Nello specifico, si fa riferimento alla reverse engineering, proibita con un dispositivo legislativo internazionale (e ti pareva).
Che cos'è questa brutta bestia? Si tratta della decompilazione del software o della parte dello stesso inerente la protezione. Se paragoniamo il software ad un oggetto, è la stessa operazione che fanno molti bambini maneggioni quando aprono e smontano il giocattolo nuovo per vedere cosa c'è dentro. Avete presente quell'etichetta incollata su qualche componente delle nostre amate macchine elettroniche, con la scritta: "a chi apre questo apparecchio capiteranno cose terribili"? Qualcosa del genere.
In Italia, allo stato attuale, l'apertura del giocattolo non è punita in sé, ma solo quando serve per violare i diritti del titolare del software. In sostanza, non si possono decompilare le protezioni per distribuire illegalmente il software.
Cosa c'entra questo con le nostre macchinette? A buonsenso poco o niente, ma un'interpretazione estensiva del dettato legislativo potrebbe anche estendersi alle protezioni delle funzioni disabilitate degli apparecchi elettronici.
In sintesi, se dal mio telefonino libero una funzione tenuta prigioniera, faccio un intervento sul software di gestione. Questo software, teoricamente, è protetto dalla legge sul diritto di autore. Quindi compio tecnicamente un'operazione di reverse engineering. Perché questa operazione possa essere considerata illecita, in Italia occorre che il fine sia illecito, per esempio la diffusione di copie di tale software. E non è certo il nostro caso.
Cerco di riassumere il testo della legge vigente, del 22 aprile 1941, n. 633 "Protezione del diritto d'autore e di altri diritti connessi al suo esercizio": la reverse engineering è vietata quando serve ad eludere protezioni contro la distribuzione pirata del software. E' permessa quando serve all'interoperabilità con altri software. Gli altri casi non sono previsti, dunque nulla si può dire.

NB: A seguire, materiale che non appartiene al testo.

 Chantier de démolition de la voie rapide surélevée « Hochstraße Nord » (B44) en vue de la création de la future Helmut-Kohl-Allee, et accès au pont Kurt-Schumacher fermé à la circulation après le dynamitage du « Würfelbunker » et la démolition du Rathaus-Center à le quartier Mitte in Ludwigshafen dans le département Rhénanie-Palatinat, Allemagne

In questi casi, ci si affida all'interpretazione dello spirito della legge. Ed è difficile immaginare che il legislatore consideri la disabilitazione di funzioni come un diritto degno di tutela.
Insomma, questa micro-battaglia, per la difesa di questo micro-diritto, ha buone probabilità di vittoria. Intanto andiamo avanti, senza paura.